# CLAUDE.md

This file provides guidance to Claude Code (claude.ai/code) when working with code in this repository.

## Project Purpose

UnrealDocGenerator is a tool for generating documentation from Unreal Engine C++ header files and exposing it to Claude via an MCP server for item-granularity lookups.

## Current State

Implementation complete. Scripts live in `docgen/`:
- `docgen/ue_parser.py` — Parses UE headers into dataclasses
- `docgen/ue_markdown.py` — Renders parsed data as Markdown (ultra-compact format, documented items only)
- `docgen/generate.py` — CLI entry point; two-pass pipeline (parse-all → build type index → render-all)
- `docgen/ue_mcp_server.py` — MCP server exposing 5 tools for item-granularity doc lookups
- `.mcp.json` — Registers the MCP server with Claude Code (stdio transport)

## Usage

```bash
python docgen/generate.py <input> [input2 ...] <output_dir>

python docgen/generate.py Runtime/Engine/ Runtime/AIModule/ docs/   # multiple directories
python docgen/generate.py Runtime/Engine/Classes/GameFramework/Actor.h docs/  # single file
```

Output: one `.md` per `.h` + `docs/type-index.txt` (compact `TypeName: path/to/File.md` lookup).

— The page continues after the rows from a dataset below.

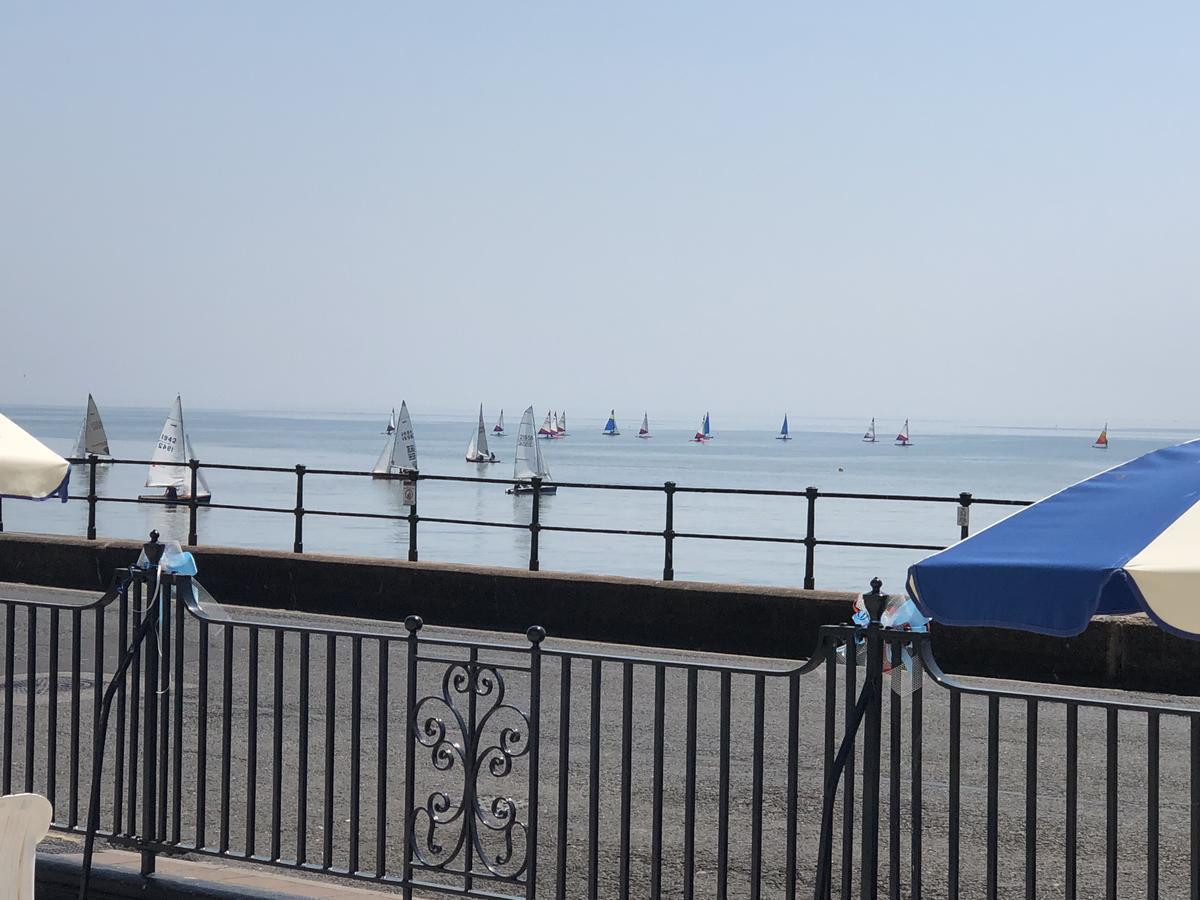 Hotel Riviera Sidmouth Exteriör bild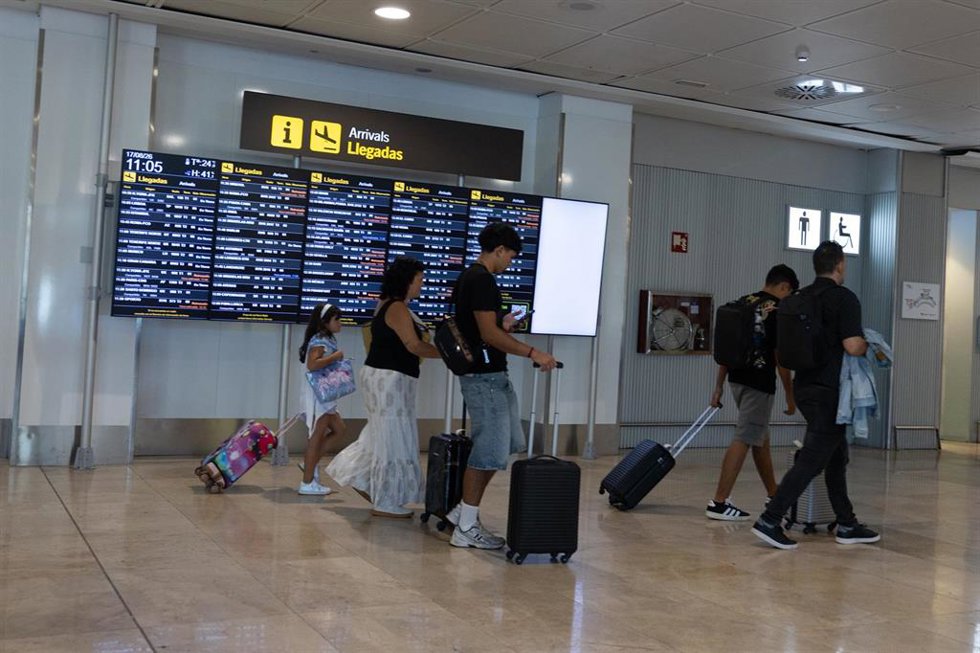 Viajeros en el Aeropuerto Adolfo Suárez Madrid-Barajas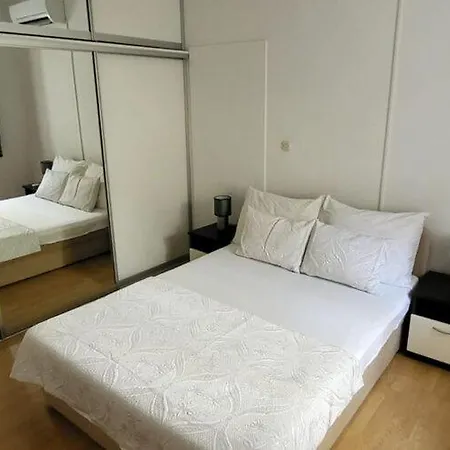 Dora - With Terrace Apartment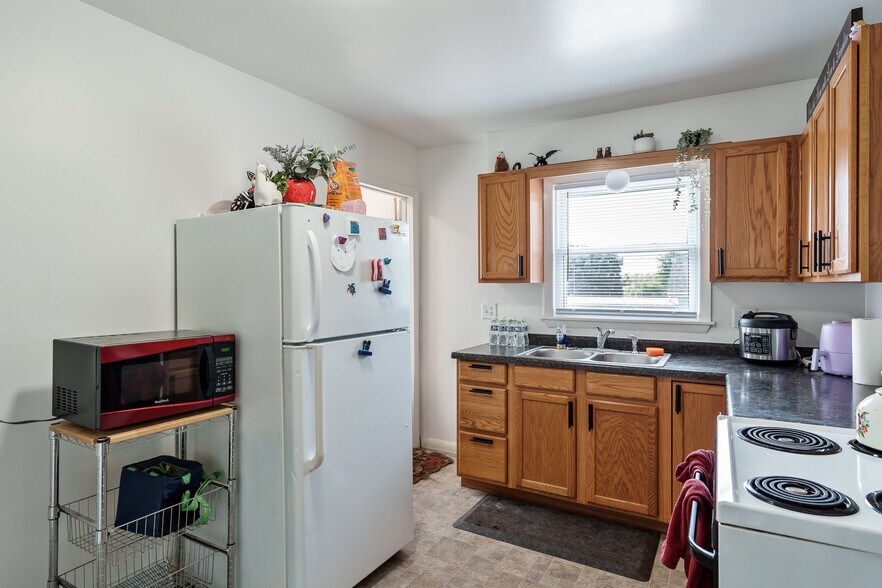 More Photos Of 1321 W Court St, Janesville Apartments For Sale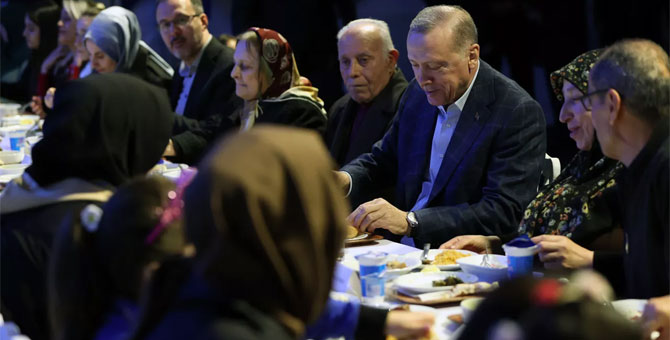 Erdoğan, depremzedelere seslendi: 'Kritik bir tercihin arifesindeyiz'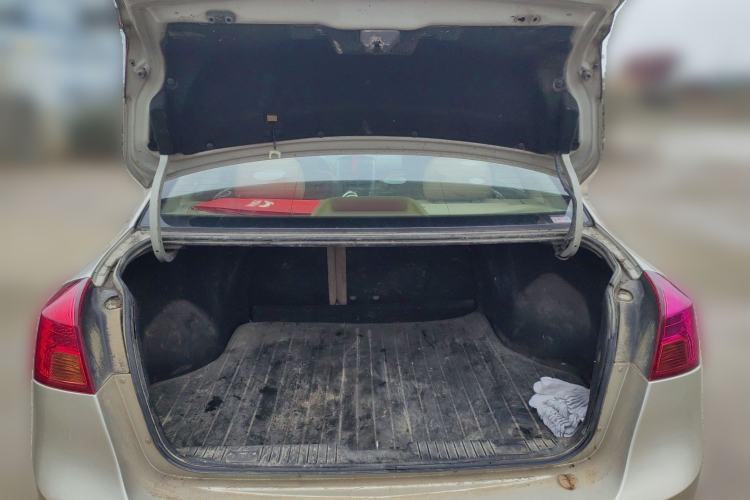 Used Buick Excelle 2011 1.6 LE-MT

The last argument is always the output directory. All preceding arguments are inputs (files or directories, processed recursively).

## MCP Server

`docgen/ue_mcp_server.py` exposes 5 tools Claude can call directly:

| Tool | Purpose |
|---|---|
| `search_types(pattern)` | Regex search over `type-index.txt` — locate a type before fetching details |
| `get_class_overview(class_name)` | Compact view: description + inherits + property/function name lists |
| `get_member(class_name, member_name)` | Full doc for one function or property (all overloads) |
| `get_file(relative_path)` | Full `.md` file — use when you need delegates, enums, or multiple classes |
| `search_source(pattern, path_hint)` | Grep UE source `.h` files via `$UE_ENGINE_ROOT` |

Requires `pip install mcp`. Reads `$UE_DOCS_PATH`; `search_source` also requires `$UE_ENGINE_ROOT`.

Typical query flow: `search_types` → `get_class_overview` → `get_member` (~3 calls, ~15 lines vs ~100 lines for a full file read).

## Architecture Notes

- Parser uses a **position-based scanner**, not line-by-line regex, to handle nested braces correctly.
- `find_matching_close()` extracts balanced `{}`/`()` while skipping `//`, `/* */`, and string literals.
- Only items with actual C++ doc comments (`/** */`) are included in output (`_has_doc()` filter).
- Two-pass pipeline in `generate.py`: Pass 1 parses all files, Pass 2 renders with cross-reference links.
- Multi-input: each `(header, base)` pair tracks its own base dir for correct relative output paths.
- Inline cross-references: base class names linked to their `.md` when in corpus (`_make_type_link()`).
- Deprecated functions excluded from output (`not f.is_deprecated` in visibility filter).
- Enums with no value descriptions use compact inline format (`Values: A, B, C`) instead of a table.
- Placeholder descriptions (`------//`) filtered by `_PLACEHOLDER_RE` in `_fn_body()`.

## Critical Gotchas

- **Never** use `\s` inside a `[...]` character class with `*?` on C++ source — causes catastrophic regex backtracking. Use line-based scanning instead.
- Identifier regex must be `r'\w+'`, **not** `r'[\w:~]+'` — the latter consumes `public:` as one token, breaking access specifier detection (all members become `private`).
- Module name casing: use `_caps_to_camel()` (not `.title()`) — `AIMODULE.title()` → `Aimodule` instead of `AIModule`.